Here’s some interesting statistics from the group discussion (0 = not too painful to 10 = extremely painful):
Q: How painful is the budget process? Answer = 8
Q: How quick is your annual budgeting process? Answer = 50 percent of respondents answered 1-3 months
Q: How quick is your forecasting process (should be less than three days)? Answer = 83 percent said more than three days, of which 43 percent answered more than seven days.
Companies who have taken steps to abandon budgeting, in favour of a rolling forecast, apparently perform better than those who stick to traditional budgeting methods. Others decry the loss of a holistic view of their company in its absence.
“Making a budget is an exercise in minimization. You are always trying to get the lowest out of people, because everyone is negotiating to get the lowest number” -- Jack Welch (GE, CEO 1981-2001)

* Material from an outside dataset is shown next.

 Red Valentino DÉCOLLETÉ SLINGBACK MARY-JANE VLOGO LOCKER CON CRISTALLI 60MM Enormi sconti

The general consensus conceded a move beyond traditional budgeting does not necessarily mean losing the budget. Rather, it’s important to reduce some of the traditional planning approach and taking a modern, flexible view of how to best remain agile and perform better. Initiating a change in budgeting philosophy, improving stakeholder relationships, introducing a rolling forecast preferably powered by data analytics and developing an ongoing gap analysis between the budget and rolling forecast, were some of the groups experienced suggestions.

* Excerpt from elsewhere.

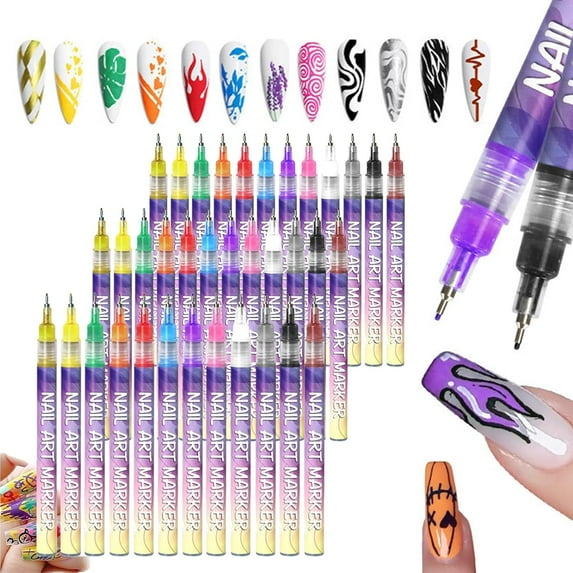 12 Color Nail Art Markers Kit for Gel Nails - Water-Based Acrylic Paint Pens with Nail Brushes, DIY Home Manicure Tools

Company culture also plays a big part in driving a fundamental change in philosophy. Change starts from the top; suggestions included developing a more KPI-driven corporate mindset, improving internal communications and stakeholder relations, understanding your business better, making processes less painful, as well as adding flexibility were mentioned. Considering a test pilot to one business unit to see how it works was an interesting consideration. One common denominator for such a move is that everyone needs to be onboard….especially the board.
"Beyond budgeting enables better, more consistent levels of performance based on efficient processes and the collective endeavours of self-motivated and fulfilled people" -- Dr Steve Morlidge, thought leader and author
Realising the value of your finance human capital was another interesting topic. The need to continuously address skill gaps to equip FP&A teams with the right knowledge, ability, tools and training to execute their roles efficiently and raise core competencies across the function are crucial.

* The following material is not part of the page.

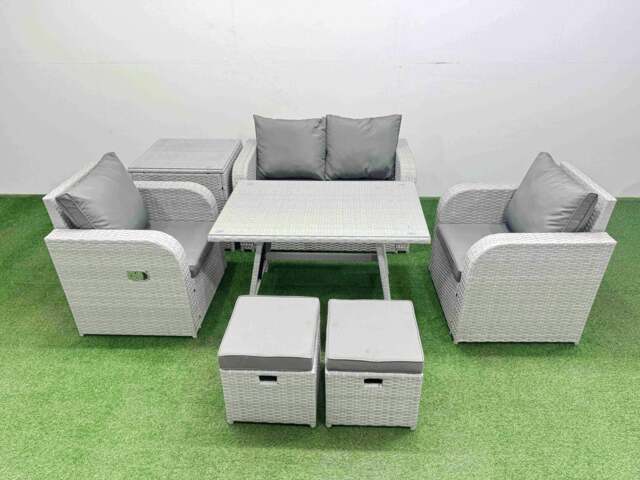 Rackhams Light Grey PE Wicker Rattan Garden Furniture Set Sofa Set Reclining Chair Love Sofa Rectangular Dining Table 2 Small Stools Side Table - image 1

“I’ve learned that it’s really important to make sure you know how your budget process impacts the behavior or people in your organization,” said Jill Bowman, FP&A, a financial analyst who co-led a recent AFP webinar on making the budgeting process less painful and more productive. “You want to make sure that the process is designed to add value and optimize your resources and you don’t want incentivize unhealthy behaviors like hording or interdepartmental sabotage.
Appears the budget will be around, in one form or another, for some time to come.